# Birmingham bumper respray



## petemattw (Nov 3, 2008)

Hi folks,

trying to squeeze into my parking spot and I've scuffed the bumper on my car as the *** next to me was right on the line. Never had a problem before and so this has really  me off!

Any personal recommendations for a paint shop in Birmingham/Coventry/Rugby for a Black BMW?

Thanks,

Peter


----------



## RaceGlazer (Jan 10, 2007)

http://www.rehmanandsons.com/

Been there, seen their work and know who they do work for. You can see many examples on their website


----------



## Pauly.22 (Nov 15, 2009)

We just used EB crash repair in sheldon near the Swan island &#55358;&#56738;


----------



## BrummyPete (Jun 10, 2010)

Carsmetics in Sheldon, I've used them myself, and my dad and my uncle on multiple occasions, do an amazing job just be prepared to wait a few weeks before it can be booked in, my dad literally tore the boot off his focus when he reversed it into the garage raised, when they finished with it you couldn't even tell anything had happened 

Sent from my SM-G975F using Tapatalk


----------



## andy__d (Jun 27, 2018)

petemattw said:


> Hi folks,
> 
> trying to squeeze into my parking spot and I've scuffed the bumper on my car as the *** next to me was right on the line.

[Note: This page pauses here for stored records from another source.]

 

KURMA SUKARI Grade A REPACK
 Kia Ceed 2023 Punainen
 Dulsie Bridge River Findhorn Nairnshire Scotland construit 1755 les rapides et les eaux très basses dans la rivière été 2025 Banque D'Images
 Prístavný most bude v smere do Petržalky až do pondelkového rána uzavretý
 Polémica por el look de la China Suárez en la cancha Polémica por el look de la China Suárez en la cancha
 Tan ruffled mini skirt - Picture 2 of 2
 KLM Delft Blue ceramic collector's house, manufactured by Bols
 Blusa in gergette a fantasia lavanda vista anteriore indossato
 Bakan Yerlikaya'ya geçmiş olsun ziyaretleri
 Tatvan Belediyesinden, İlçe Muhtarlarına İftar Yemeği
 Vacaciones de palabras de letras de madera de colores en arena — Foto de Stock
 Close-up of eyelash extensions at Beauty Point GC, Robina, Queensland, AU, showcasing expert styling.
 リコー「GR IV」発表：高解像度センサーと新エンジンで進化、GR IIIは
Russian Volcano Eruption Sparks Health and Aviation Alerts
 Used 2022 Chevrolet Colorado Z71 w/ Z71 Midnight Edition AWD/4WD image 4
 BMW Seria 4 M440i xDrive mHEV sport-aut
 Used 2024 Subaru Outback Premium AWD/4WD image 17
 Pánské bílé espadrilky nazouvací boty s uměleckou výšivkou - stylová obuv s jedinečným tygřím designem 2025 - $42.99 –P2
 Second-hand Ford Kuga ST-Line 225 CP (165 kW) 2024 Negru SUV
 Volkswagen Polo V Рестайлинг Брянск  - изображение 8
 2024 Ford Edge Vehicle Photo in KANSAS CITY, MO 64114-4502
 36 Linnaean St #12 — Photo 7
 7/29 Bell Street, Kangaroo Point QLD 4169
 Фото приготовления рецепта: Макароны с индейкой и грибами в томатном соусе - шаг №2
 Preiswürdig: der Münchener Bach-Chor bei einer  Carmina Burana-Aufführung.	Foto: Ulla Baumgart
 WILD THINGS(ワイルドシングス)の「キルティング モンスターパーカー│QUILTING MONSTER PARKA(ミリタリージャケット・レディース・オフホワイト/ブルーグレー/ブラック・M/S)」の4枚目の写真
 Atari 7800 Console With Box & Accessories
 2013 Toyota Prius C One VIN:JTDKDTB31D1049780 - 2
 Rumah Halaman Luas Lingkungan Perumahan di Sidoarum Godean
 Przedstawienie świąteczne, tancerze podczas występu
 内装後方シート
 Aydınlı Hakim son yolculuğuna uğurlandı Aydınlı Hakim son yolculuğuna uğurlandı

Never had a problem before and so this has really  me off!
> 
> ...


yes,

Learn to park Your car correctly , 
blaming a parked stationary car due to your lack of skill / bad judgment/temper says it all


----------



## petemattw (Nov 3, 2008)

andy__d said:


> yes,
> 
> Learn to park Your car correctly ,
> blaming a parked stationary car due to your lack of skill / bad judgment/temper says it all


and the purpose of this post was.... You're not helping, so what do you gain by making this puerile comment?


----------



## Barbel330 (May 3, 2016)

Same as most of his comments mate, negative and generally un-informed.


----------



## meraredgti (Mar 13, 2011)

Good mate of mine son in law runs this place and it's excellent, enthusiast owned

Auto Craft Specialists
Rea Court, 
40 Trent St, 
Birmingham 
B5 5NL
0121 643 3305


----------